Дальше вы помните: книги, попытки писать, и все же в итоге — дорога.
Человеком и героем биографии Онегина делает осознание того, что ритуалы потребления не могут быть сердцем жизни. Они приятны и важны, но не способны заменить главного.
Именно эту способность быть главным героем автор фейсбук-сочинения себе ампутирует — отказываясь от разрешения конфликта, а значит и от собственного развития, а значит и от биографии, и от смысла, и от полноценности.
Перед нами — манифест скопца, ампутирующего себе полноценность. Это акт пошлости — то есть совершение иерархической подмены главного на второстепенное. Священный ритуал новой религии — смыслового язычества.
Особенно поражает то, что манифест потребовался кому-то как сценарий. Возможно, конечно, это невероятный профессионал, способный создать из пошлости трагедию. Но вероятнее всего, это точно такой же креакл — то есть имитатор творчества, как и остальная публика, восторженно ахающая манифесту в комментариях. Восторгающаяся от того, что их самокастрацию, трусость и потребительство объявили достижением и нравственностью.
Пустоту нарядили в оборочки. То есть сделали то же самое, чем они и занимаются, когда мятую банку из-под колы выдают за инсталляцию, а фигу в кармане — за гражданское мужество. Под бурные аплодисменты аудитории, которая в этой фальши живет.
Да, и еще кое-что.
У каждого поколения есть миссия. Мне кажется, что я наконец-то понял миссию нашего.
Мы — последние советские дети, которые были воспитаны при СССР, но начали взрослую жизнь уже при первичном накоплении капитала. Наше поколение пережило крушение целой цивилизации, после которой земля на какое-то время погрузилась в дикость. Мы как бы начали историю заново — с Ветхого Завета. Мы не хотели становиться патриархами — Иовами и Моисеями. Но пришлось.
Всю нашу жизнь мы чувствуем боль. Это боль ампутированных биографий, которые уже сложились в нашем сознании, но не могли быть прожиты при крушении той цивилизации.
Мы — ходячие кладбища тех, кем мы не стали: педагогов, космонавтов, военных, женихов Алисы Селезневой и много еще кого.
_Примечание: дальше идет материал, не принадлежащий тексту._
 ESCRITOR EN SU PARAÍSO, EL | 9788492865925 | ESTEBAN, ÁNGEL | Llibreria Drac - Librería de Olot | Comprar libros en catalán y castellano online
Но не стоит по этому поводу полагать, что мы потеряли свое предназначение и без смысла болтаемся между диваном и офисом.
У вас есть миссия, уважаемые сверстники. Она заключается в том, чтобы все вытерпеть.
Выдержать крушение страны, смену формаций, 1990-е, Украину, экономические кризисы, пандемию коронавируса. Выдержать все. Всем вместе, потому что лишних людей у России нет.
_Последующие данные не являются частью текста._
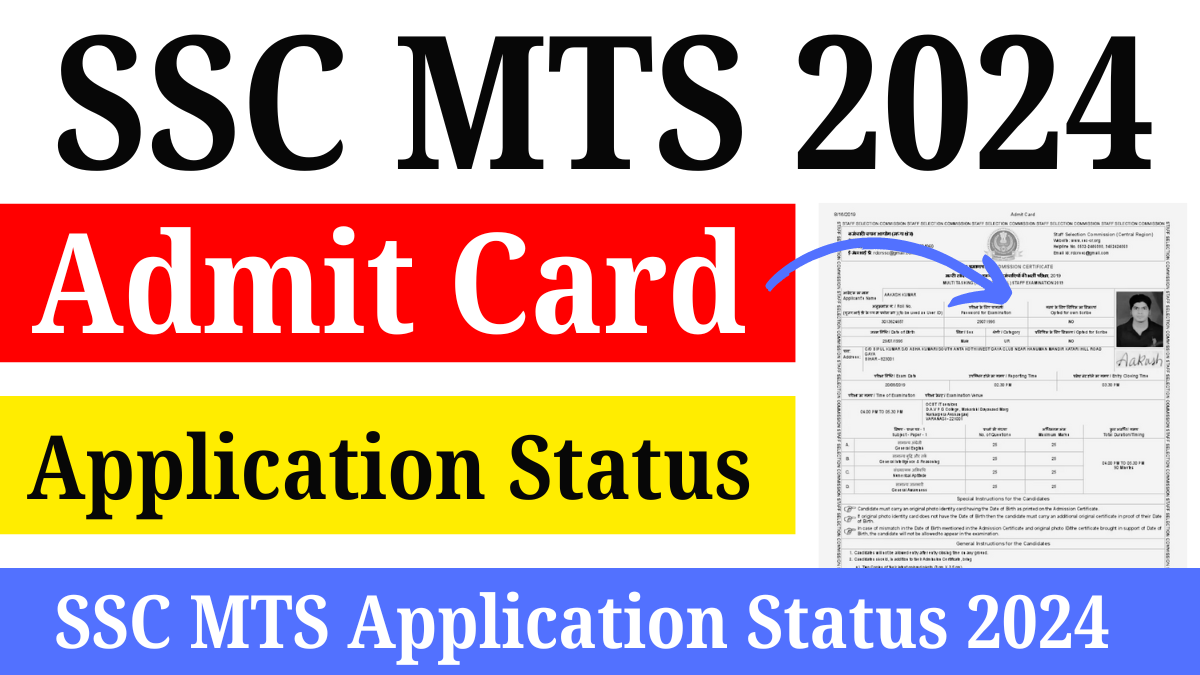 SSC MTS Admit Card 2024, Check Application Status and Exam Date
Мы не полетим на Марс. Но мы должны удержать страну и собственные семьи, чтобы потом аккуратно передать сохраненное детям. Что, например?
Наше наследие. Вместе с учебником по терраморфированию Марса — если он сохранился в загашнике.
Наши мечты.
У многих из нас — бычьи морды и пивные животы. Мы угрюмы и можем орать «Тагил». Но мы исполняем свою миссию успешно, потому что мы суть Любовь, которая долготерпит, всего надеется и все переносит.
А когда на Марсе зацветут первые яблони — в них расцветет и наша жизнь.